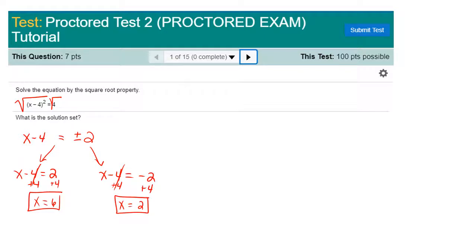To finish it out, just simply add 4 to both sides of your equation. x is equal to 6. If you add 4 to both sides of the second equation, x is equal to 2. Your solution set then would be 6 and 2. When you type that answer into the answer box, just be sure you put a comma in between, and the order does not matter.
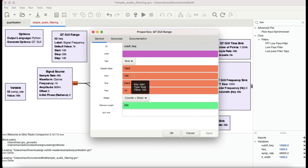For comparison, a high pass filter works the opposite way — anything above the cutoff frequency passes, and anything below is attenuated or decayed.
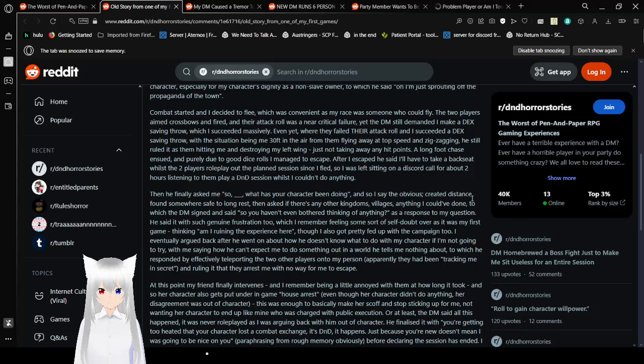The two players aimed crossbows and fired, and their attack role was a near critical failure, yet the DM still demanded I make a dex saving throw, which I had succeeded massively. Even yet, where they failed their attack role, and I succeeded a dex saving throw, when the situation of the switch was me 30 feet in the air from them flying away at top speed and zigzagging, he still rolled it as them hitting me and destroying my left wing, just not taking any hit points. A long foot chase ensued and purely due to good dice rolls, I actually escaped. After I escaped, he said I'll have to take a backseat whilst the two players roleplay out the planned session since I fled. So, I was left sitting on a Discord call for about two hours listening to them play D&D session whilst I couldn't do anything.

★ ★ ★ ★ ★

EXERCISE AIM
The pictures should not be reproduced; quote all of the other material exactly.

ANSWER TO THE EXERCISE
To finish it out, just simply add 4 to both sides of your equation. x is equal to 6. If you add 4 to both sides of the second equation, x is equal to 2. Your solution set then would be 6 and 2. When you type that answer into the answer box, just be sure you put a comma in between, and the order does not matter.
For comparison, a high pass filter works the opposite way — anything above the cutoff frequency passes, and anything below is attenuated or decayed.
The two players aimed crossbows and fired, and their attack role was a near critical failure, yet the DM still demanded I make a dex saving throw, which I had succeeded massively. Even yet, where they failed their attack role, and I succeeded a dex saving throw, when the situation of the switch was me 30 feet in the air from them flying away at top speed and zigzagging, he still rolled it as them hitting me and destroying my left wing, just not taking any hit points. A long foot chase ensued and purely due to good dice rolls, I actually escaped. After I escaped, he said I'll have to take a backseat whilst the two players roleplay out the planned session since I fled. So, I was left sitting on a Discord call for about two hours listening to them play D&D session whilst I couldn't do anything.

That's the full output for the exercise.